The unabashed vulnerability that has been an integral component of Blake’s appeal since he started singing comes out especially toward the end of the album. On the threadbare title track, Blake practically gasps his syllables, and quivers as he finishes the lines, singing, “I have haunted many photographs… And as many loves that have crossed my path / In the end, it was friends who broke my heart.” The song zeroes in on a subject largely overlooked. While relationships are expected to very likely fizzle out when passion runs its course, the dissolution of friendships can ultimately be even more debilitating. Taking the album’s lyrics altogether, it’s hard to imagine most of the songs were written about mere friendship, but it appears that the sentiment of this song was salient enough to warrant its designation as the title track. 

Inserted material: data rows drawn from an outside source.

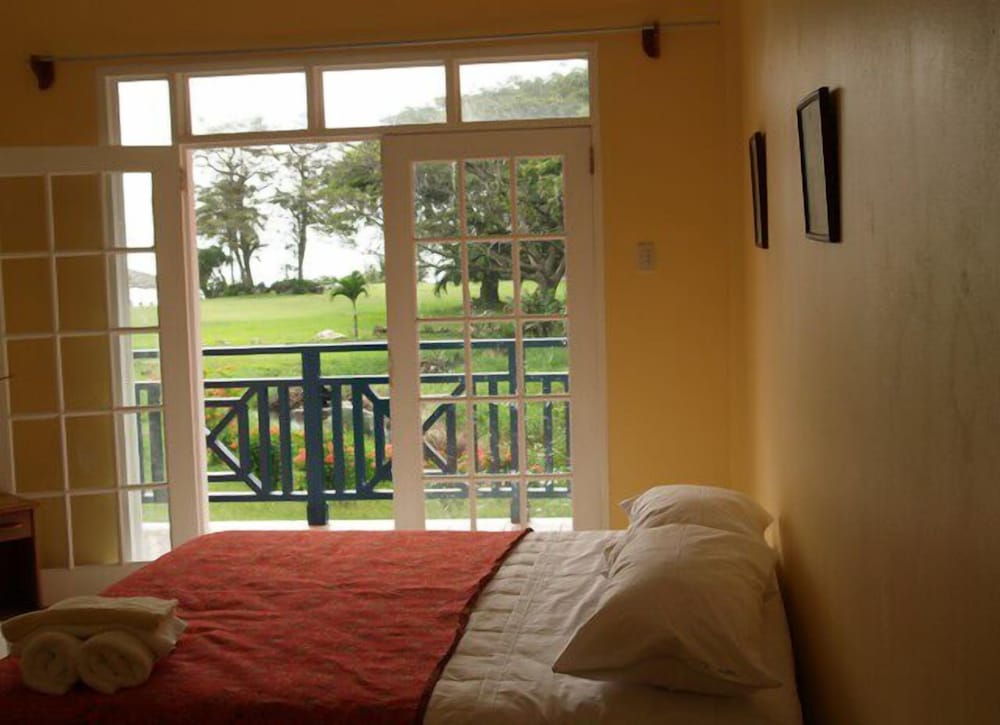 Studio, 1 King Bed, Kitchenette photo 1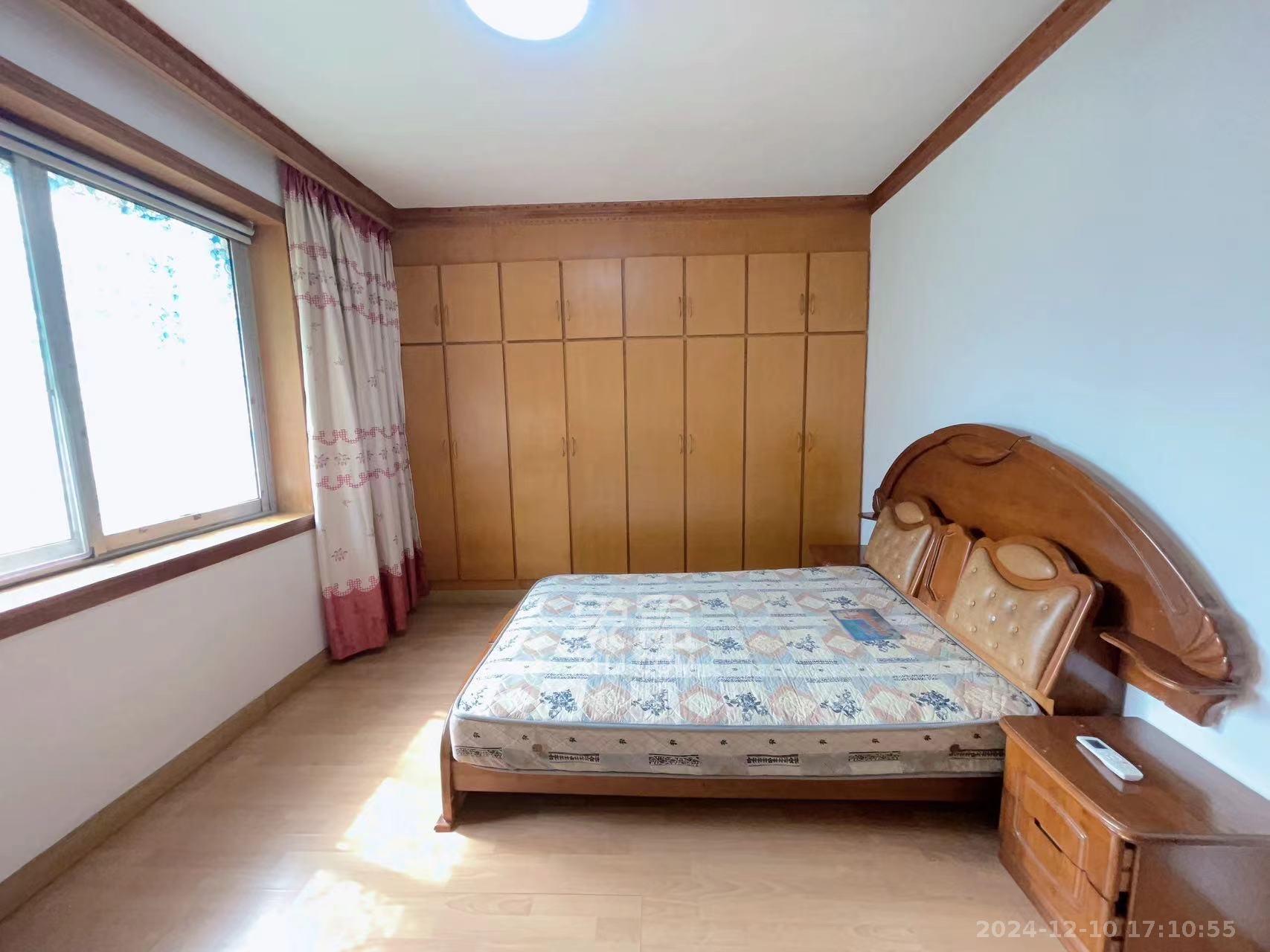 佳广楼  3室2厅1卫   2200.00元/月室内图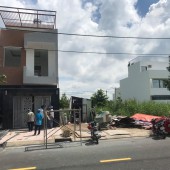 Bán nhà cuối đường Lê Văn Lương 1t2l, 3PN, đường rộng 12m.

James Blake’s career trajectory is characterized by so many whimsical, wayward darts that it’s easy for fans to pass him off prematurely. His sudden dive from post-dubstep avant buzz into accessible singer-songwriter territory was only the first in a series of moves that show a bold disregard for categorization, or in other terms, a fearless commitment to artistic vision. Blake struck a nerve with his self-titled album, with his expressive, sonorous voice and wildly innovative sound design. He settled into that mold for three more albums, then threw curveballs by reverting back to both the electronic beginnings and the singer-songwriting foundations in EP releases last year. Now, he returns with all of the adventurous instincts and edge, all the passion and profundity, refined after years of experimentation into their most potent and poignant form to date.   

Friends That Break Your Heart” releases Oct. 8 on Apple Music.